The 316L stainless steel case lives up to Monta’s claims about their metalwork, with beautifully polished and brushed surfaces brought up against each other with intentionally soft, yet exceptionally clean, connections. I rarely see case work at this level on watches at this price.A close look at the lugs reveals a polished beveled edge on the inside, and this edge is repeated on every link of the solid steel bracelet. Monta points out that the links are “fully articulated,” meaning that they can fold all the way in on each other in either direction. This articulation makes the bracelet uncannily comfortable, and it should conform to all kinds of wrist shapes and sizes. The handsomely signed deployant clasp includes four micro-sizing holes.

The Skyquest is a modestly sized watch that’s going to fit a lot of people easily. Luckily, the bracelet came in sized perfectly for me, and the bracelet’s taper toward the clasp along with the thinness of the watch made it immediately comfy. It slips under tight shirt cuffs with nary a snag, and I can’t imagine an outfit or an outing for which the Skyquest wouldn’t be a fantastic companion.
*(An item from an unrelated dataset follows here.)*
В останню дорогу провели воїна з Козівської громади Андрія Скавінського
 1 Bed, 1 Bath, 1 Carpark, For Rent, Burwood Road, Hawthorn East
One can choose either the bracelet or a pair of Vulcanized FKM Rubber straps, but I can’t imagine why one would forego this stunning bracelet. Folks who want both will have to shell out an additional $250 per rubber strap, which may be a hard pill to swallow—but keep in mind that this is a custom item that will hug the case and lugs just as snugly as the bracelet. Alternately, for $235, one can buy one of Monta’s similarly snug leather straps, an impressively constructed unit which I had the pleasure of checking out at our Windup event last year. Almost as a consolation, you’ll also get a fabric mil-strap with your Skyquest.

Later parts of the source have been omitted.